Phenomenographic study of Basic science Understanding-senior Medical students' conceptions of Fatigue

2013 
Introduction: Helping students learn to apply their newly learned basic science knowledge to clinical situations is a long-standing challenge for medical educators. This study aims to describe how medical students' knowledge of the basic sciences is construed toward the end of their medical curriculum, focusing on how senior medical students explain the physiology of a given scenario. Methods A group of final-year medical students from two universities was investigated. Interviews were performed and phenomenographic analysis was used to interpret students' understanding of the physiology underlying the onset of fatigue in an individual on an exercise bicycle. Results: Three categories of description depict the qualitatively different ways the students conceptualized fatigue. A first category depicts well integrated physiological and bio-chemical knowledge characterized by equilibrium and causality. The second category contains conceptions of finite amount of substrate and juxtaposition of physiological concepts that are not fully integrated. The third category exhibits a fragmented understanding of disparate sections of knowledge without integration of basic science and clinical knowledge. Discussion: Distinctive conceptions of fatigue based with varying completeness of students' understanding characterized the three identified categories.
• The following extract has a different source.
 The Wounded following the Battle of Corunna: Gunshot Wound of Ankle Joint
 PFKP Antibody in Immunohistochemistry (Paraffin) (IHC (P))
The students' conceptions of fatigue were based on varying understanding of how organ systems relate and of the thresholds that determine physiological processes. Medical instruction should focus on making governing steps in biological processes clear and providing opportunity for causal explanations of clinical scenarios containing bio-chemical as well as clinical knowledge. This augments earlier findings by adding descriptions in terms of the subject matter studied about how basic science is applied by students in clinical settings.